I have to turn in a list of character witnesses by tomorrow. I have left off my best friend because I told her something some years ago and I don't want to risk it coming out in court. When my husband sees the list I'm afraid it will be a red flag to him that she isn't on it. Then, he might even subpoena her or something.

What should I do? I'm afraid to ask my attorney for his advice because I would rather him not know what I told my friend either.


----------



## mommyofthree (Jan 7, 2012)

Hmmmm.....curious to know what it was you said that was so bad to have come out in court but not sure you should post it.

Your attorney as far as I know has to keep it confidential unless its really really bad like you said you were going to kill him or something.


----------



## Jeff74 (Feb 11, 2012)

You need to tell your attorney especially if you think your husband may call her anyway. 

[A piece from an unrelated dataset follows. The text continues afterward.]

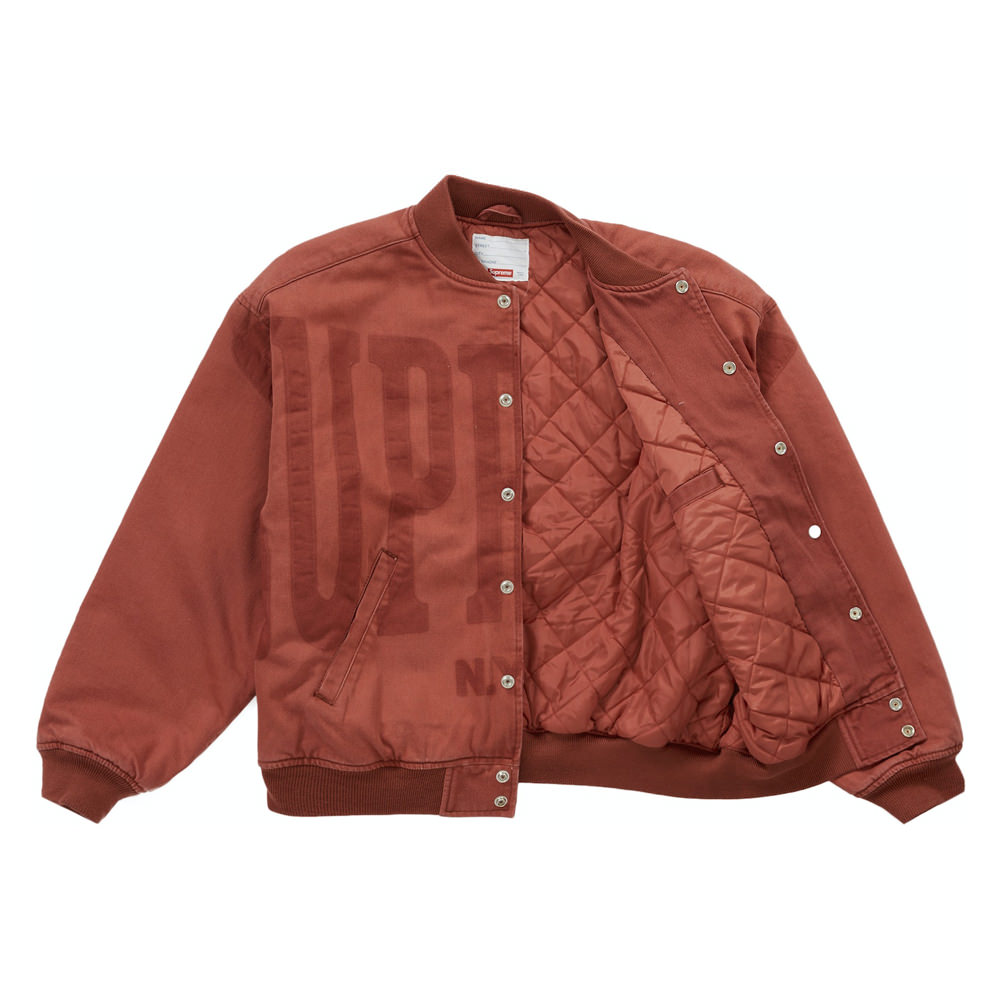 Supreme Washed Knockout Denim Varsity Jacket Rust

Google attorney client priivilege...you may feel a lot better about telling your attorney after understanding this concept.
_Posted via Mobile Device_


----------



## 827Aug (Apr 27, 2008)

An attorney never likes to get blindsided in court. It's best you tell your attorney everything. My estranged husband lied to his divorce attorney and also neglected to tell him some crucial things. Guess what happened? The attorney withdrew himself as counsel.

If you call this witness, the other side gets to question her at their discretion. Does your husband know what you told her? If so, it's a safe bet the secret will be out in the open. It may be "safer" to not put her on the list and hope the opposing doesn't call her.


----------